Aux termes de l’article R. 411-1 du même code : « La juridiction est saisie par requête. La requête indique les nom et domicile des parties. Elle contient l'exposé des faits et moyens, ainsi que l'énoncé des conclusions soumises au juge. / L'auteur d'une requête ne contenant l'exposé d'aucun moyen ne peut la régulariser par le dépôt d'un mémoire exposant un ou plusieurs moyens que jusqu'à l'expiration du délai de recours ».
En se bornant à transmettre plusieurs documents sans formuler aucune demande auprès du tribunal, M. A... ne saisit le tribunal d’aucune conclusion correspondant à l’office du juge administratif au sens des dispositions précitées.

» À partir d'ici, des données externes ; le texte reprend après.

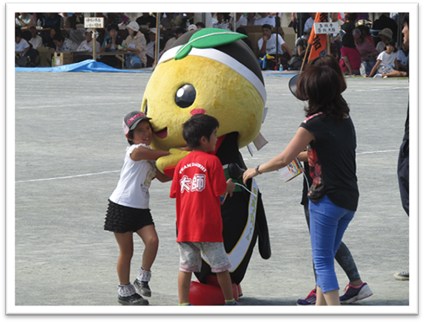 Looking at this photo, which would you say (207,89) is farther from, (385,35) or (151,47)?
(151,47)

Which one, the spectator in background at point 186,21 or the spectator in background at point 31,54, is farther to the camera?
the spectator in background at point 186,21

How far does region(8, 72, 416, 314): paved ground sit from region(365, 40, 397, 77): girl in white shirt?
20.4 feet

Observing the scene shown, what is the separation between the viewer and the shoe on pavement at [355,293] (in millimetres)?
4836

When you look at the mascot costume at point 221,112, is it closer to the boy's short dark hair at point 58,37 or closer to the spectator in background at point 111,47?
the spectator in background at point 111,47

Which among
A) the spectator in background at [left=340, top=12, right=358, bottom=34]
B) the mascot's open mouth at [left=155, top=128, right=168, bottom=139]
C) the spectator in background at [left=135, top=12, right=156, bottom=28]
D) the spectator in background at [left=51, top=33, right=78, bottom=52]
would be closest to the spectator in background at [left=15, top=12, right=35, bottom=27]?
the spectator in background at [left=51, top=33, right=78, bottom=52]

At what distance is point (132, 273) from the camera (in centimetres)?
553

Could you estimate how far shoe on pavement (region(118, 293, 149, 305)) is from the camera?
4.76 metres

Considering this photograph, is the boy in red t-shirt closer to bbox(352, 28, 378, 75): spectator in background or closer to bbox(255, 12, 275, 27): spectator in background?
bbox(352, 28, 378, 75): spectator in background

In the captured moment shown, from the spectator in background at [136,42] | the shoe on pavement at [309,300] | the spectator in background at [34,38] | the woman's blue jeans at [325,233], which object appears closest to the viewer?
the woman's blue jeans at [325,233]

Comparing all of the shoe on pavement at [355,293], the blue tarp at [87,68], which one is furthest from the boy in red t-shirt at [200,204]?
the blue tarp at [87,68]

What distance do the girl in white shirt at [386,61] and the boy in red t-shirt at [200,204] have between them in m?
17.5

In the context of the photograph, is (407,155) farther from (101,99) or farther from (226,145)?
(101,99)

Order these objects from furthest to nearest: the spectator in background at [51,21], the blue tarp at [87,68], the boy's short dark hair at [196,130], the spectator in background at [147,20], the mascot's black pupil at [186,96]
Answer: the spectator in background at [51,21] → the spectator in background at [147,20] → the blue tarp at [87,68] → the mascot's black pupil at [186,96] → the boy's short dark hair at [196,130]

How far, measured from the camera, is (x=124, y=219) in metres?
4.80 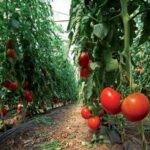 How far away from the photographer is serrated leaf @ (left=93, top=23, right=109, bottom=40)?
1.32 meters

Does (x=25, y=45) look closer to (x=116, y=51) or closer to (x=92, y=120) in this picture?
(x=92, y=120)

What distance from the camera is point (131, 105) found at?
93cm

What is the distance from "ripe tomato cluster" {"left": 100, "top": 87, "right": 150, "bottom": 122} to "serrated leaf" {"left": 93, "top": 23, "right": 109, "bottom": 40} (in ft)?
1.19

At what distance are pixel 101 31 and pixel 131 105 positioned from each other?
0.48 m

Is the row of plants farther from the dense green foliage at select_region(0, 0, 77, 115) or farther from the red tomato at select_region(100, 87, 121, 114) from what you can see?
the dense green foliage at select_region(0, 0, 77, 115)

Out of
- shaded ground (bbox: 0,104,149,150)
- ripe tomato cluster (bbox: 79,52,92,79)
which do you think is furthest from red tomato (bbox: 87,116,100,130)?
ripe tomato cluster (bbox: 79,52,92,79)

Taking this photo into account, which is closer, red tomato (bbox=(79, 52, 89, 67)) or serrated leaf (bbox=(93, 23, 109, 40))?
serrated leaf (bbox=(93, 23, 109, 40))

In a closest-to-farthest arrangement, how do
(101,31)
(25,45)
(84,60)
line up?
1. (101,31)
2. (84,60)
3. (25,45)

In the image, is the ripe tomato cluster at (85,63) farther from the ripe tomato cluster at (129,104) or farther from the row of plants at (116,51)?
the ripe tomato cluster at (129,104)

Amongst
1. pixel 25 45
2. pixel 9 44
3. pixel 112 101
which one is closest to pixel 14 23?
pixel 9 44

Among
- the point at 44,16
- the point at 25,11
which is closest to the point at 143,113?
the point at 25,11

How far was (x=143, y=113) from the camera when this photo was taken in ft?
3.09

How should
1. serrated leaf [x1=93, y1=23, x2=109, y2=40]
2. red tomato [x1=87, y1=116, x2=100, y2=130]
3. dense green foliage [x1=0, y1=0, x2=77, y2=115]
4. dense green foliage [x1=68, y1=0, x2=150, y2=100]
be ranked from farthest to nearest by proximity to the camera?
dense green foliage [x1=0, y1=0, x2=77, y2=115], red tomato [x1=87, y1=116, x2=100, y2=130], serrated leaf [x1=93, y1=23, x2=109, y2=40], dense green foliage [x1=68, y1=0, x2=150, y2=100]

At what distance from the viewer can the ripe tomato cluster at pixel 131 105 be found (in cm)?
93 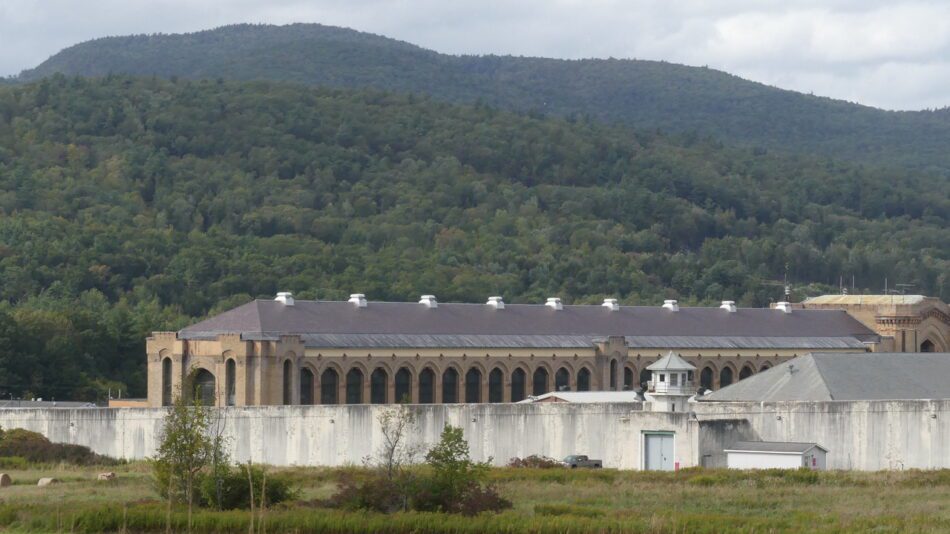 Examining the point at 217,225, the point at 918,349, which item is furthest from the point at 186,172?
the point at 918,349

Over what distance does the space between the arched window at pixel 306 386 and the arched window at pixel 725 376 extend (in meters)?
24.9

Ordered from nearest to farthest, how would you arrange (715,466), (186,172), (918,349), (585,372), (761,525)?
1. (761,525)
2. (715,466)
3. (585,372)
4. (918,349)
5. (186,172)

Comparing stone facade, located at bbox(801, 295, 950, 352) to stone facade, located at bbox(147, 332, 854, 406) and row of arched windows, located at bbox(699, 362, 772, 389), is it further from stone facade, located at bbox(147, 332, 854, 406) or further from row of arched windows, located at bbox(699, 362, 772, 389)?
stone facade, located at bbox(147, 332, 854, 406)

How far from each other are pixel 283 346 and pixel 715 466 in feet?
93.5

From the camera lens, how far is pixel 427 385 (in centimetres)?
9106

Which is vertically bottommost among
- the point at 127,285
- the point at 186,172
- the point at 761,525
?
the point at 761,525

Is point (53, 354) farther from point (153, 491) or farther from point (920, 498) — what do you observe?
point (920, 498)

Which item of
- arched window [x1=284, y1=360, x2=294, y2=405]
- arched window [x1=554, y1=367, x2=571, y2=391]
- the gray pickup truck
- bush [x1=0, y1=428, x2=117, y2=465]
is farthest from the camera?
arched window [x1=554, y1=367, x2=571, y2=391]

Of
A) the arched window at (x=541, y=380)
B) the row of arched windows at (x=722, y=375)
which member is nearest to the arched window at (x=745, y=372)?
the row of arched windows at (x=722, y=375)

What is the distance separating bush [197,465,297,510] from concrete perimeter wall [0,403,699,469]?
57.4ft

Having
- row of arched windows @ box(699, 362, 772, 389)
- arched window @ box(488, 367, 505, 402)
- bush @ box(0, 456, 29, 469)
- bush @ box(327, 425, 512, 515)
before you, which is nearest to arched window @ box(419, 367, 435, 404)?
arched window @ box(488, 367, 505, 402)

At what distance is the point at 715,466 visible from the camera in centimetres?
6209

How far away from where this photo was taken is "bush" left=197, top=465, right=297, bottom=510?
149 feet

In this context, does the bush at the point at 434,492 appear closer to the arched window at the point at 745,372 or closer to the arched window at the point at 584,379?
the arched window at the point at 584,379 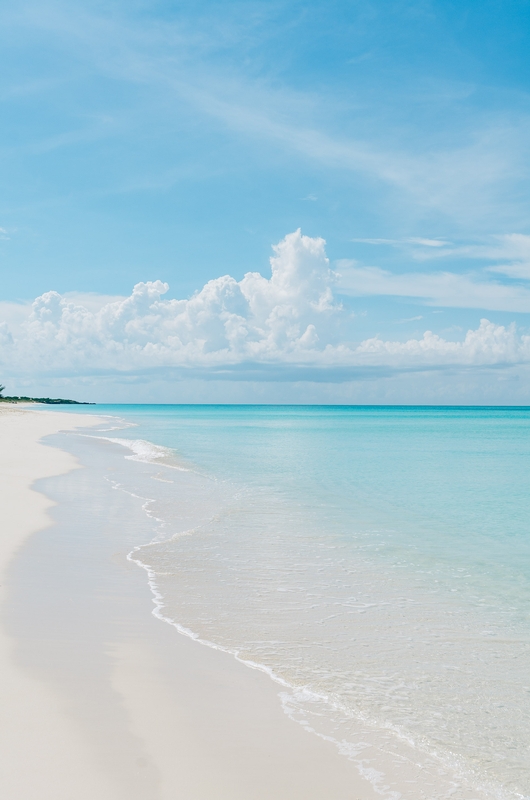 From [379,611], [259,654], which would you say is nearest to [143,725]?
[259,654]

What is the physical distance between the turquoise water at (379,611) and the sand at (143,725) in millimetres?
362

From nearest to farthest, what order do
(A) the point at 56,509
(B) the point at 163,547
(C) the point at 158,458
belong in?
(B) the point at 163,547
(A) the point at 56,509
(C) the point at 158,458

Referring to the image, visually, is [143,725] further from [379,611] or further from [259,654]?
[379,611]

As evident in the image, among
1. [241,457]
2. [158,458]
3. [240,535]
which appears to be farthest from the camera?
[241,457]

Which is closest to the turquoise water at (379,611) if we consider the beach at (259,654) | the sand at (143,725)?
the beach at (259,654)

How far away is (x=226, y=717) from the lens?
5105mm

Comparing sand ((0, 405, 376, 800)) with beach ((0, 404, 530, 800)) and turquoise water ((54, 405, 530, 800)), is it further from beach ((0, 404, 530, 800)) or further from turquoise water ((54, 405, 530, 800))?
turquoise water ((54, 405, 530, 800))

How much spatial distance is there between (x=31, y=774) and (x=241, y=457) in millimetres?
28093

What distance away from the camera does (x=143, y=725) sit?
482 cm

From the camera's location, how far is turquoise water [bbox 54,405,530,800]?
4.91 meters

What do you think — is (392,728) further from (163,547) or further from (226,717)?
(163,547)

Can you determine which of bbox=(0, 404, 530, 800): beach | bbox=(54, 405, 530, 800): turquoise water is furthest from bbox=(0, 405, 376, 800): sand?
bbox=(54, 405, 530, 800): turquoise water

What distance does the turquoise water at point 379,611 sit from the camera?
16.1ft

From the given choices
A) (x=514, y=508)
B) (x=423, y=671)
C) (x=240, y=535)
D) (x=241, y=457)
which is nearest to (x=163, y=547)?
(x=240, y=535)
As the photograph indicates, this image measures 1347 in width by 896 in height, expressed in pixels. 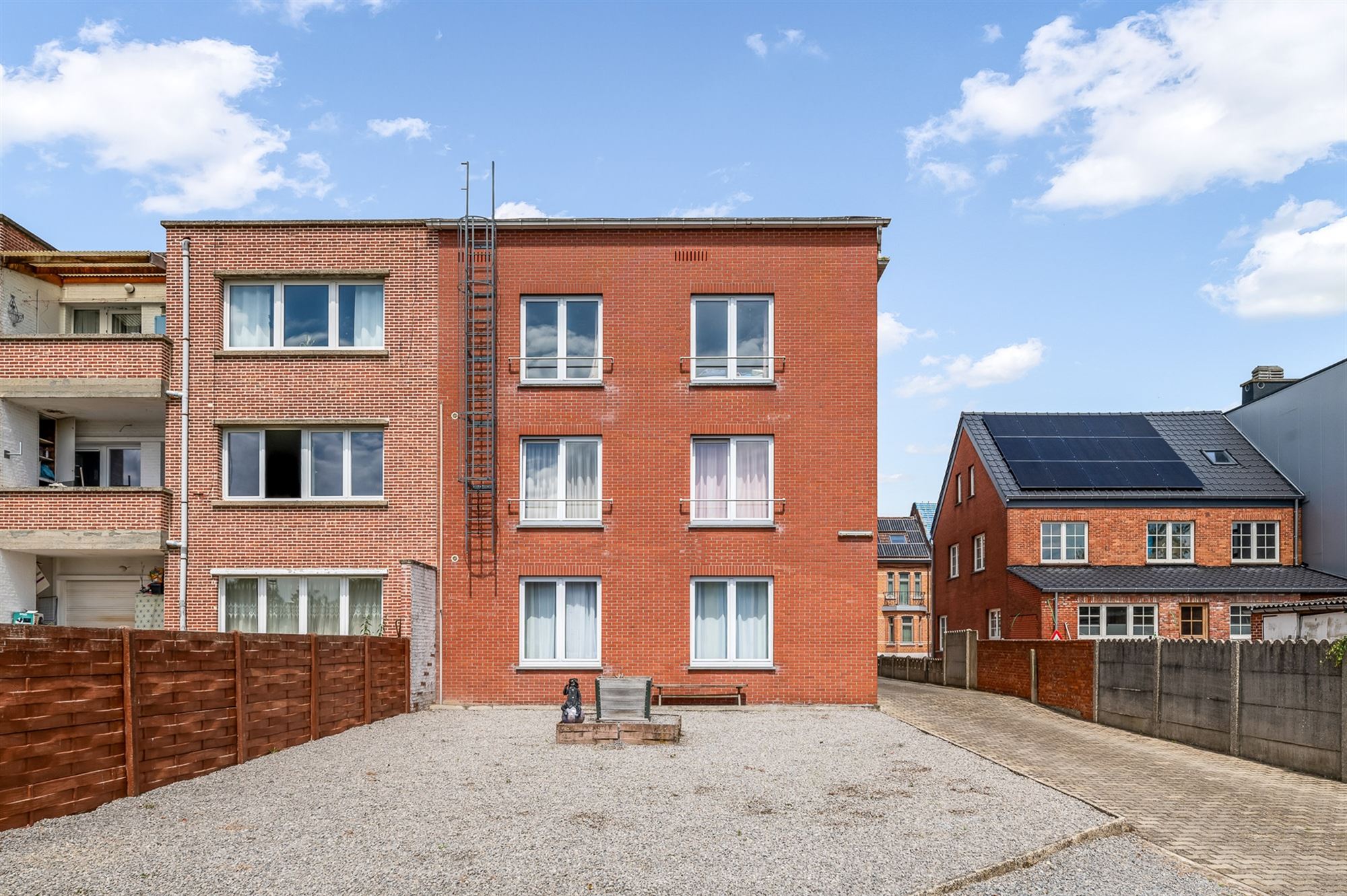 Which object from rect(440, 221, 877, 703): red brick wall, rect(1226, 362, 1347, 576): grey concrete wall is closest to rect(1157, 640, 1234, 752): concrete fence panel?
rect(440, 221, 877, 703): red brick wall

Au demeurant, et à supposer qu’il entende demander l’annulation de la décision préfectorale qu’il produit, il n’expose aucun moyen au soutien de cette demande. Sa requête est donc manifestement irrecevable et doit, par conséquent, être rejetée.
O R D O N N E :
Article 1er : La requête de M. A... est rejetée.
Article 2 : La présente ordonnance sera notifiée à M. B... A....
Fait à Lyon, le 17 février 2026
La présidente de la 5ème chambre,
A-S. Bour
La République mande et ordonne à la préfète du Rhône en ce qui la concerne, ou à tous commissaires de justice à ce requis, en ce qui concerne les voies de droit commun contre les parties privées, de pourvoir à l'exécution de la présente décision.